We are concerned with this text of Varga not because we are in agreement with his political assessments. Quite the contrary. These political assessments are in our opinion partially very confused. In the conflict between the Khrushchevite Soviet leadership and the Chinese leadership around Mao Tsetung, Varga supported the Chinese position. That was done by almost all Marxist-Leninists in the whole world at that time, based on a mistaken assessment of the class character and the goals of the Chinese leadership. However Varga's reasons are partially abstruse and un-Marxist. Thus he makes the reproach that there was a lack of internationalism, that the Soviet Union supported China diplomatically, but "never militarily... on the question of Taiwan, on the question of the admission of China to the U.N.O. and the Security Council" (Varga, The Conflict between the Soviet Union and China, in German, p. 134). Should the Soviet Union have gone to war over this matter? At the same time Varga deplores "that since Stalin took power there has been a constant and successive decline of proletarian internationalism in the Soviet Union" (ibid). In general, it was Stalin's fault, according to Varga, that the negative changes that he deplores took place in the Soviet Union (ibid, p. 162).

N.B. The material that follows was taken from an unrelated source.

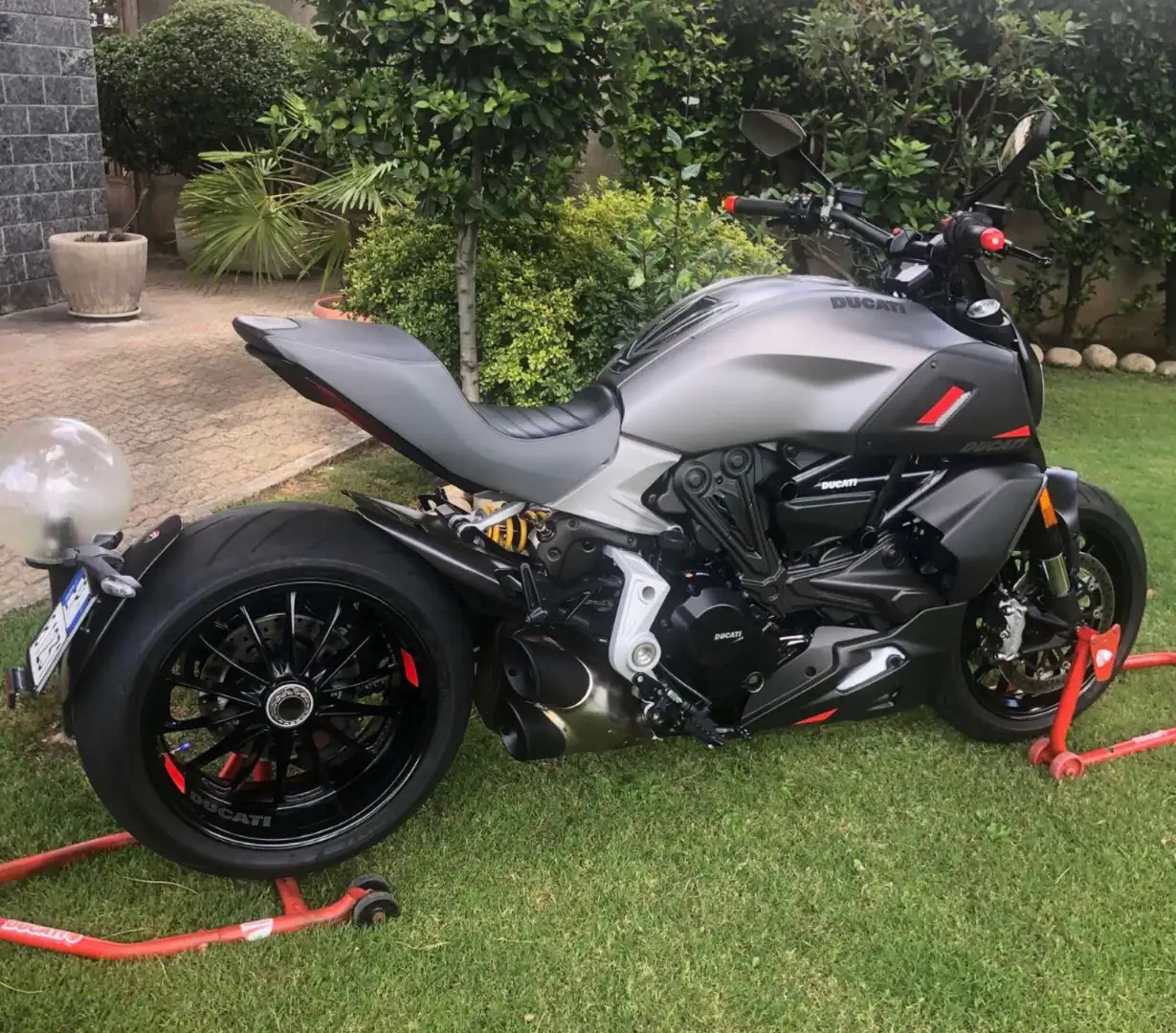 Ducati Diavel full carbon Argento - 1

This negative personality cult of Varga, according to which one man alone could be "at fault" for the fundamental development of a huge country, is only one example of the fact that Varga had lost his orientation. Of course, one cannot make this a personal reproach against him. The development of the communist movement at that time was so complicated and contradictory that anybody could easily lose his orientation, especially when he was personally quite isolated, as was the case with Varga at the time.

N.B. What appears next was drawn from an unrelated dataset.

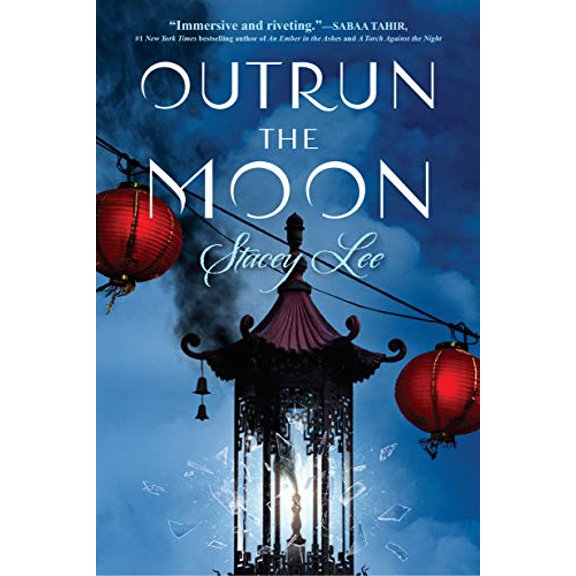 Pre-Owned Outrun the Moon (Paperback) 0147516919 9780147516916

Nevertheless for two reasons Varga's notes are still valuable:
One is that he depicts certain facts that throw significant light on the class relations in the Soviet Union at that time. The other is because he depicts facts which, after all, are indications of what class stand Stalin took, namely that he turned against those who were taking a path that would change the dictatorship of the proletariat into a dictatorship over the proletariat. Varga decisively rejected Stalin at the time he wrote these notes, but by depicting the facts he involuntarily showed that Stalin fought against conditions that, in bourgeois propaganda are generally called "Stalinist."

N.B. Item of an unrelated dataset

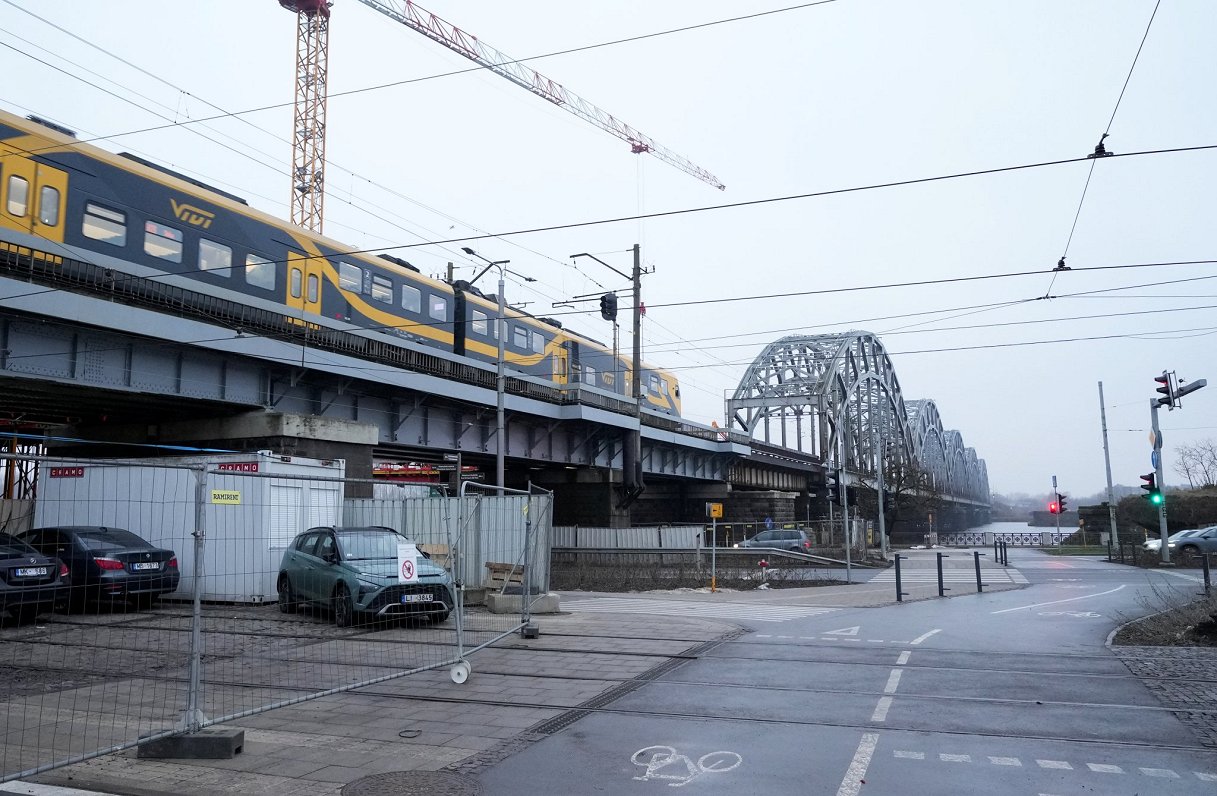 Rail Baltica board will wait for Latvia's remaining debts until April / Article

Of course, only from the details related to us by Varga, one can not draw final conclusions, either about the development of class forces in the Soviet Union or about the class stand of Stalin. These details, however, can contribute to filling out a picture that one creates based on a multitude of facts and a totality of analyses.
Varga deplores a "far-reaching moral deterioration of Soviet society." "The people up to the upper stratum of the bureaucracy try to increase their incomes not only by greater work efficiency but by all possible means: by robbing from the state, speculation (N.I. Smirnov, the Secretary of the Crimean region), divulging military secrets (O.V. Penkovsky), theft of personal property, beginning in school to the appropriation of manuscripts. The exposition of the detailed methods of cheating, by means of which the riches and income of the socialist state and of other socialist organizations have been transferred into private hands, would require many books....
"A worker in a Sovkhoz [state farm] receives a monthly wage of 30-50 rubles, a member of an academy approximately 1,000 rubles, thus 20-30 times as much.
"And what is the real income of the highest peaks of the bureaucracy, the actually governing stratum? In other words, how much does the state spend on them a month?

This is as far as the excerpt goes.